A review by Jim Hynes for Glide.
Grammy winning saxophonist and educator David Sanchez has a new album of originals, inspired by the melodies and rhythms coming from, as the title Caribimplies, the Caribbean region, notably Puerto Rico and Haiti. Sanchez, of Puerto Rican descent, is deeply moved by the cultural and music in the Pan African countries, especially these two islands that never get adequate attention, and are, unfortunately, often ignored. He says he began this theme when he first became a bandleader in 1994 with The Departure and cites his 2000 Melaza as having a strong connection to this one because of its flow the influence of the Bomba music tradition from Puerto Rico. That tradition as well as the Piena rhythms of his homeland, along with Cuban, Caribbean, and Brazilian traditions were his earliest influences before later turning the iconic saxophonists like Rollins, Gordon, Coltrane, Parker, Young, Henderson and Shorter. Sanchez, whose tone is full-bodied, at times breathy but never screeching or growling, is more like Rollins or Gordon but his lyrical playing brings comparisons to Shorter too.

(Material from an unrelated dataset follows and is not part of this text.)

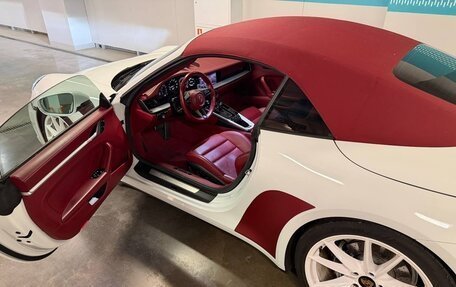 Porsche 911, 2020 год, 12 500 000 рублей, 3 фотография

Sanchez indicates that this is part of a new series of recordings which begin with the musical traditions of Puerto Rico and Haiti and travel to other Afro-descendant musical cultures throughout the Americas. He points out that in Haitian music, he focused on the Congo-Guinee music tradition shared by many Afro-descendant cultures. Both countries share histories of oppression and struggles, the latter including natural disasters as well, too many of which we could recite in recent years. As you glean the titles of the songs such as “The Land of Hills” or “Mirage,” the music relates to the beauty and culture, not directly to the disasters or political circumstances.

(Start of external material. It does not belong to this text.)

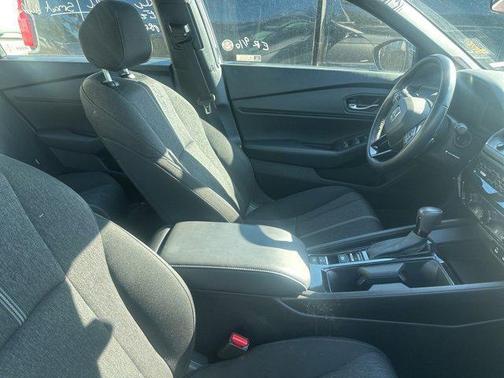 2024 Honda Accord Hybrid Base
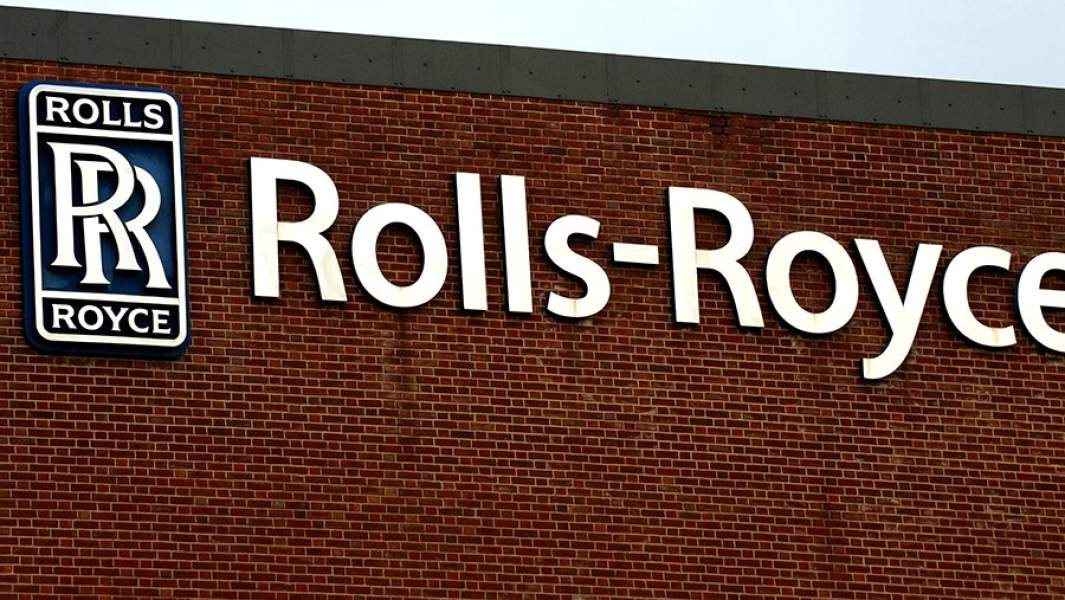 Rolls-Royce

In fact, his passion for this music is detailed in the liners. When reading this passage and trying to hear the music through this kind of lens, it takes on even more meaning. Sanchez says, “This album is in memory of my Father, Dimas and especially, my late wife Karla. After a great deal of research and listening to Haitian music, Karla encouraged and helped me take a trip to Haiti. It was an incredible and intense experience, seeing everyday people’s struggles. She felt like it was important that I had this direct contact with Haitian culture. I feel like this recording wouldn’t have bee possible without her wisdom, sensibility and love. Even if she wasn’t physically around when I was in the studio, she was constantly present in many different forms and definitely a key component of this album’s vibe.”
The instrumentation certainly is homed in directly on the sounds of the islands with the use of the Puerto Rican drum called Barril de Bomba by both Sanchez (who started playing percussion at age 8) and percussionist Jhan Lee Aponte. Sanchez, of course, also plays tenor throughout joined by drummer Obed Calvaire, guitarist Lage Lund, bassist Ricky Rodriguez, and pianist Luis Perdomo who plays the Fender Rhodes on five of the 11 tracks. Sanchez adds vocals on “Madriga” while Calvaire and Perdomeo share vocals on “Mirage.” Markus Schwartz adds Haitian percussion on three tracks.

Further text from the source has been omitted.